══ Given data ══

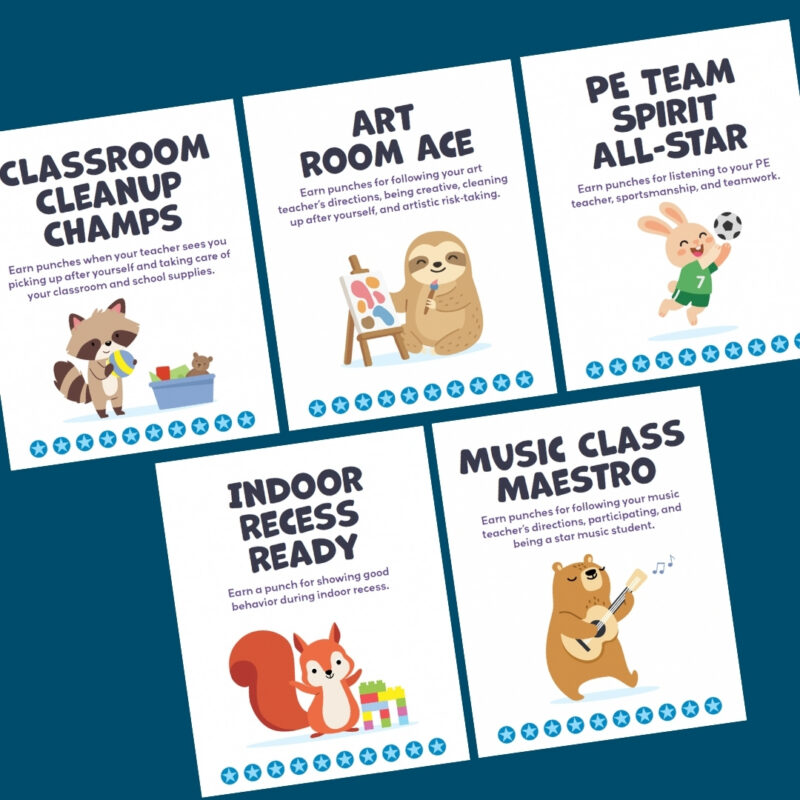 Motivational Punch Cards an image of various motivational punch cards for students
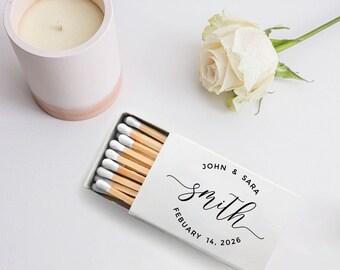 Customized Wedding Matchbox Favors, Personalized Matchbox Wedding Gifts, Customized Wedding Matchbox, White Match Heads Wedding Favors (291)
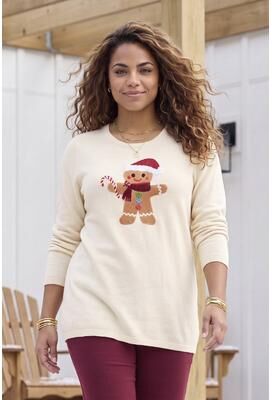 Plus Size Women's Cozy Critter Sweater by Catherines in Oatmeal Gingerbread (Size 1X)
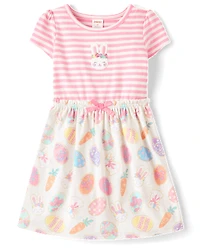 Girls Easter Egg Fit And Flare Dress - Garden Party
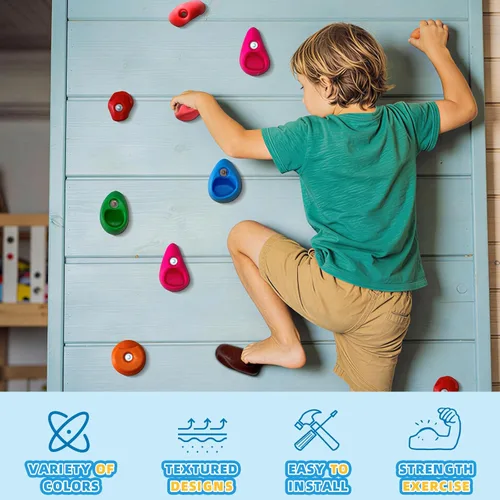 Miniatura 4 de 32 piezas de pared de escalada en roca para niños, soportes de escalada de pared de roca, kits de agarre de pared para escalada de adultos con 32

═══
══ Given data ══

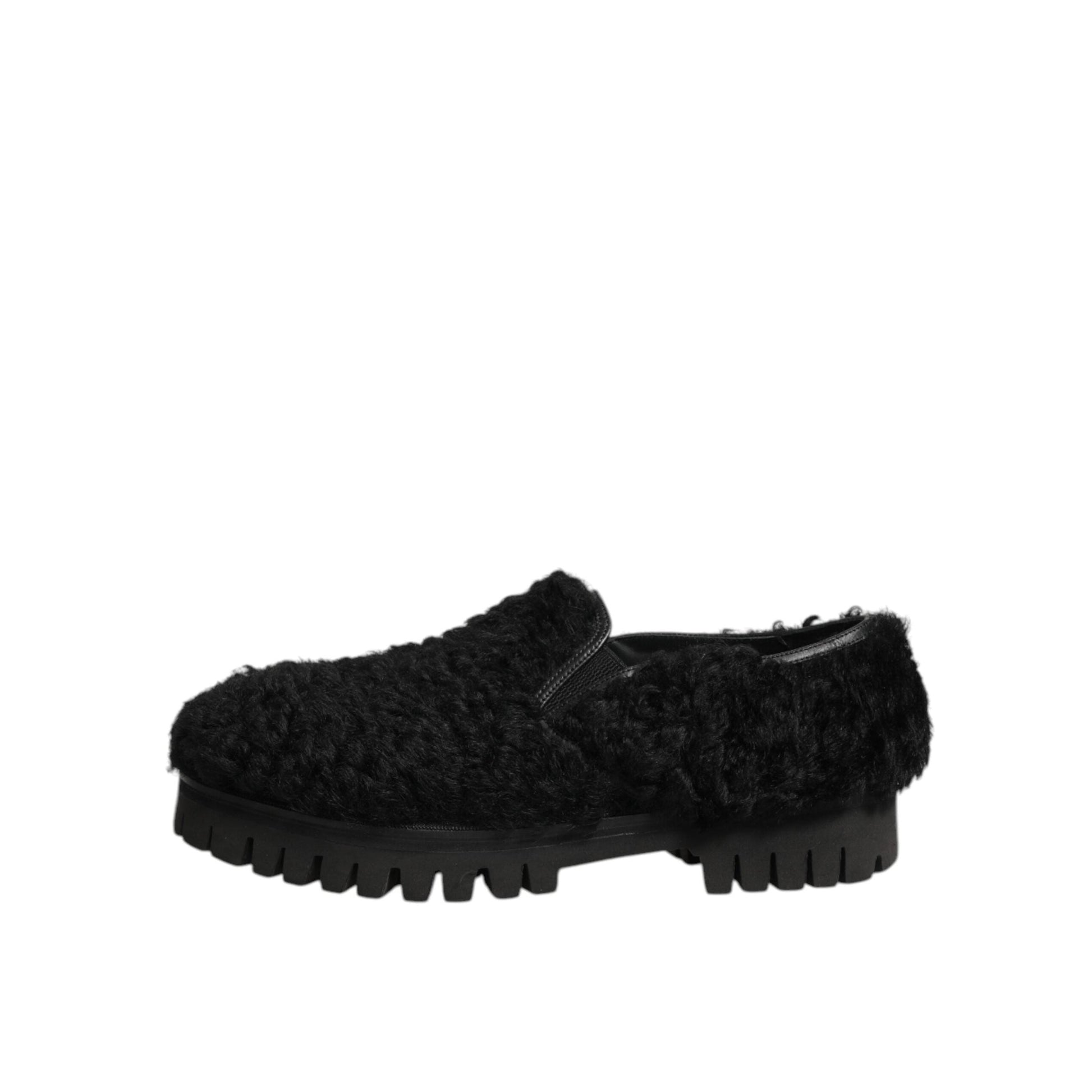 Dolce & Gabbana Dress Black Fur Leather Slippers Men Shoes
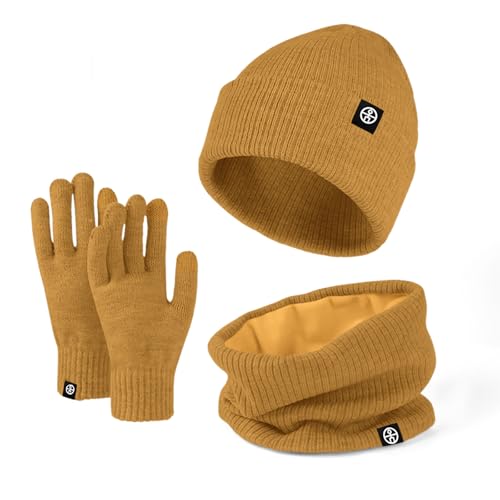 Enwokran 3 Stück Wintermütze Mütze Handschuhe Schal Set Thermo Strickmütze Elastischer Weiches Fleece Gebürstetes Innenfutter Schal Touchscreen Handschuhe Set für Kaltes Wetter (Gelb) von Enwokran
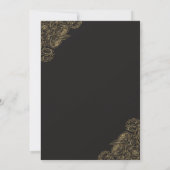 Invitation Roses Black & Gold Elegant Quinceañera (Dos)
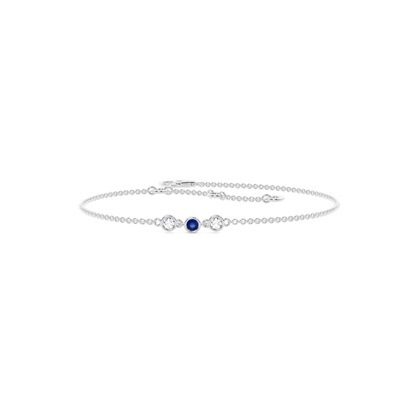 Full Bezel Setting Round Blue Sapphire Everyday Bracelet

═══
══ Given data ══

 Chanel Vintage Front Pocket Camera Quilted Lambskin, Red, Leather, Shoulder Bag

═══

--- Work request ---
For this exercise, set down the lines in the entries above from the one with "Motivational Punch Cards an" through the one with "Miniatura 4 de" exactly as written, without any pictures.

--- Answer section ---
 Motivational Punch Cards an image of various motivational punch cards for students
 Customized Wedding Matchbox Favors, Personalized Matchbox Wedding Gifts, Customized Wedding Matchbox, White Match Heads Wedding Favors (291)
 Plus Size Women's Cozy Critter Sweater by Catherines in Oatmeal Gingerbread (Size 1X)
 Girls Easter Egg Fit And Flare Dress - Garden Party
 Miniatura 4 de 32 piezas de pared de escalada en roca para niños, soportes de escalada de pared de roca, kits de agarre de pared para escalada de adultos con 32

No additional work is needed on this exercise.